In a parallel naming orgy, the college bowl games sold their names to various corporations. In 1983, the Florida Citrus Commission paid the organizers of the Tangerine Bowl to rechristen the game the Florida Citrus Bowl. In 1986 came the Sunkist Fiesta Bowl, SeaWorld Holiday Bowl, Mazda Gator Bowl, and USF&G Sugar Bowl. The John Hancock Sun Bowl, which also debuted in 1986, dropped Sun from its name in 1989 to become the first pure corporate bowl. Now all the bowls have named sponsors: the Galleryfurniture.com Bowl, the Axa/Equitable Liberty Bowl, the Chick-Fil-A Peach Bowl. The Rose Bowl now calls itself "The Rose Bowl, Presented by AT&T." Minor bowl sponsorship goes for as little as $1 million, but the biggies cost $10 million or more.

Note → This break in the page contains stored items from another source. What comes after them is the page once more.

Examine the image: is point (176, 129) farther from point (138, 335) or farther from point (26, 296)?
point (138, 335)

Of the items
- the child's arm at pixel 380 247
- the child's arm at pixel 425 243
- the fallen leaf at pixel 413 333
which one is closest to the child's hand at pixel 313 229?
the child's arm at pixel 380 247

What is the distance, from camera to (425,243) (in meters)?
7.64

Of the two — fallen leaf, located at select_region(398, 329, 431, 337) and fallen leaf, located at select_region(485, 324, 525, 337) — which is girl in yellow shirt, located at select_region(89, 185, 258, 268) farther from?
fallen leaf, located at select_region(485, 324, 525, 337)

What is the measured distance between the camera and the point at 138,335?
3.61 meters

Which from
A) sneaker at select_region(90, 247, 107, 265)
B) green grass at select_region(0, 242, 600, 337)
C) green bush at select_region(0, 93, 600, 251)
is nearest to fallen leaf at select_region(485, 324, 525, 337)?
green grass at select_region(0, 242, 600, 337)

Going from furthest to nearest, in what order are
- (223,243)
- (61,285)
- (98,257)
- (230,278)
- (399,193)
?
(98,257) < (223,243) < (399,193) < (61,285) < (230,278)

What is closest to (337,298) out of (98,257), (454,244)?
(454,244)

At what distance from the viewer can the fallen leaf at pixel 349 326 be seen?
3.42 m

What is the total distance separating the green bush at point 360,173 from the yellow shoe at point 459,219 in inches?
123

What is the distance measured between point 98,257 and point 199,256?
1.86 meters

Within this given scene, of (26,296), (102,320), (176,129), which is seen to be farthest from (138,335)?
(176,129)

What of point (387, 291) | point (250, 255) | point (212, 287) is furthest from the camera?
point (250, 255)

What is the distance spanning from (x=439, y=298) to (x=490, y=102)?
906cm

Sean Brennan, managing editor of IEG Sponsorship Report, sees corporate team nicknames on the horizon and predicts that the first ones will come pretty cheap— somewhere between $12 million and $15 million per year. That's not much more than the $7 million Federal Express pays to name the Washington Redskins' home field. Brennan says those figures will explode if corporations warm to the idea.
Corporate sellout makes huge sense for penniless, small-market teams such as the Montreal Expos, which can't even sell its TV rights. In lieu of revenue sharing, how else are comparatively small-town teams like the Expos, the Twins, and the Royals supposed to compete with the juggernaut Yankees and Braves? Of course, name sponsorship could backfire on corporations. Yankees fans might retaliate against the Nokia Cardinals by purchasing Ericsson phones. And fans might rebel against the further corporatization of sports. But given current trends, I doubt it.
Would the pro leagues allow it? No NFL rule prohibits it, but the commissioner maintains veto power over any name change, and an NFL spokesperson says the league wouldn't allow it. The other major leagues declined to answer the question. But one can imagine the more litigious owners taking their leagues to court to fight for the right to change their names. When the NFL tried to keep Al Davis from moving the Raiders to Los Angeles, Davis sued and won. When the league barred Jerry Jones from signing Cowboys endorsement deals with Nike and Pepsi, he sued and the NFL dropped its complaint. With hundreds of millions up for grabs, the leagues, never strong on anti-corporate principle, are sure to acquiesce.
So, who's on first? Kansas City could sell its name to Sprint, and it wouldn't even sound that bad. A jingoistic Canadian brewery might want to buy a hockey team name. The Molson Canadiens has a nice ring to it. But I predict a team already embroiled in a naming controversy will arrive first on the market: the Washington Redskins. The name offends a lot of people, and Daniel Snyder's appetite for money is insatiable. But what name? Tom Clancy might pay for the Washington Red Storm Rising. Wrigley could get back into the sports biz with the Wrigley Big Red. Perhaps Red Roof Inns would be interested in sponsoring the Red Roof Inn Red Roofs. If continuity matters, the Redskins could sell out to the shampoo company and play as the Washington Redkens. But if Snyder knows what's good for him, he'll merge football and cosmetics: the Avon Skin-So-Softs.